The pilots correctly deduced that it was meaningless. But they couldn’t solve the rest of the puzzle before the ocean arrived.
Unlike the MAX’s ill-considered decision to use only a single AOA input to MCAS, these latent defects in Airbus systems have never been addressed as needing to be fixed. American almost lost an A300 back around 2000 due to a broadly similar issue.
Summarizing mightily, different subsystems have different tolerances for when they decide a sensor input is so weird that it should be disregarded as defective. Meanwhile other systems are still believing the defective input. Last of all, it’s possible to get the airplane into flight situations where the input is accurate, but the engineers assumed the airplane could never be put in that situation, so the perfectly valid inputs are ignored as invalid. But only by some systems.

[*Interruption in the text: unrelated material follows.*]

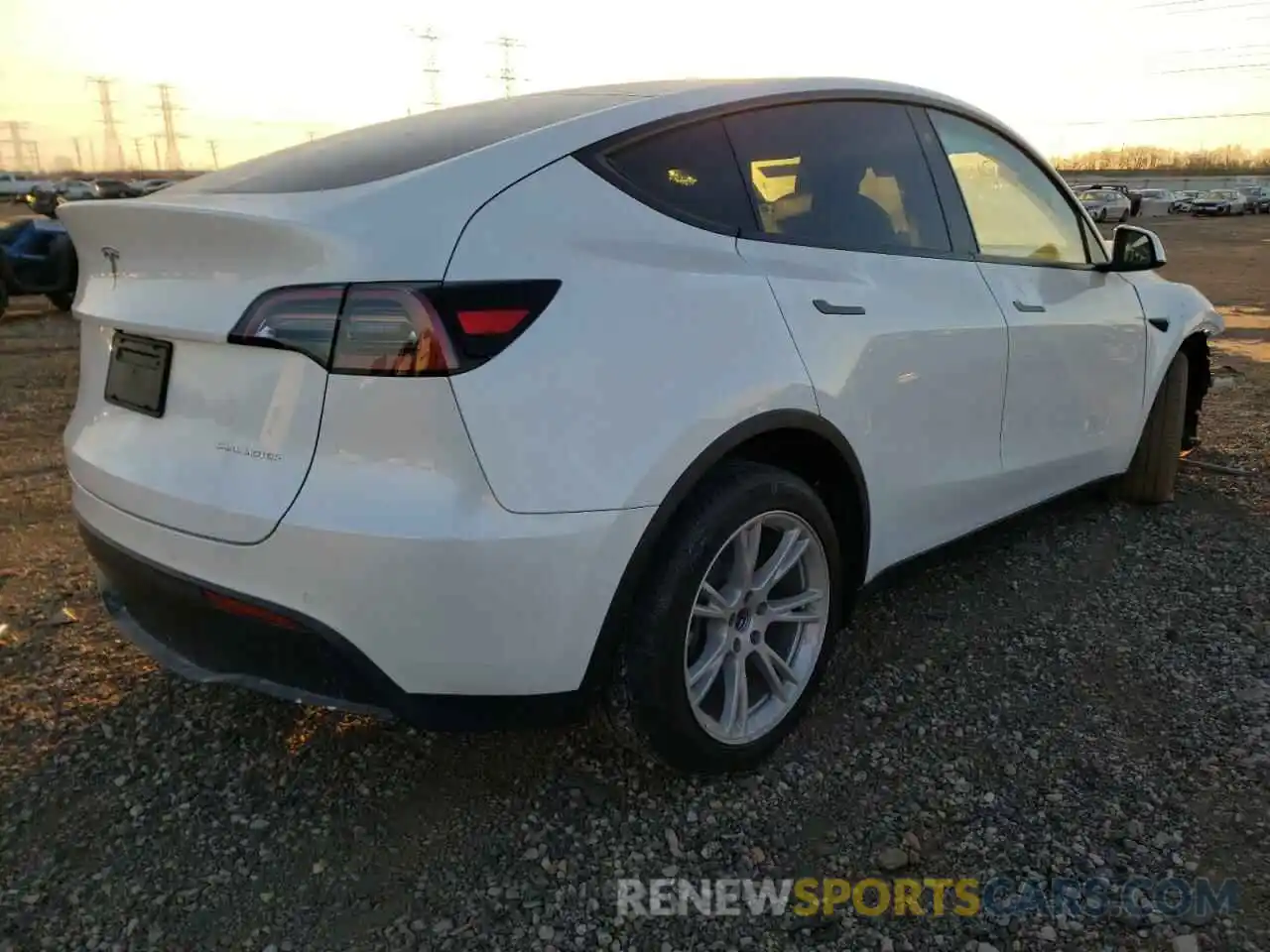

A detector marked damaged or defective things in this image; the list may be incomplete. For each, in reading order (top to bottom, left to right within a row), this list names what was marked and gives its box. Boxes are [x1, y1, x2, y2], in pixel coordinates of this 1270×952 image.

exposed wheel well [578, 414, 868, 695]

Once the higher-level avionics get confused and alarms are going off (or not going off) wrongly and defective information is displayed while valid information is removed, it takes superhuman effort and perhaps magical clairvoyance to determine the actual aircraft state and then maneuver to get it back towards normal.
Trying to put an AI in charge of a scenario like that would certainly not do any better in that situation than a human. And would probably do worse.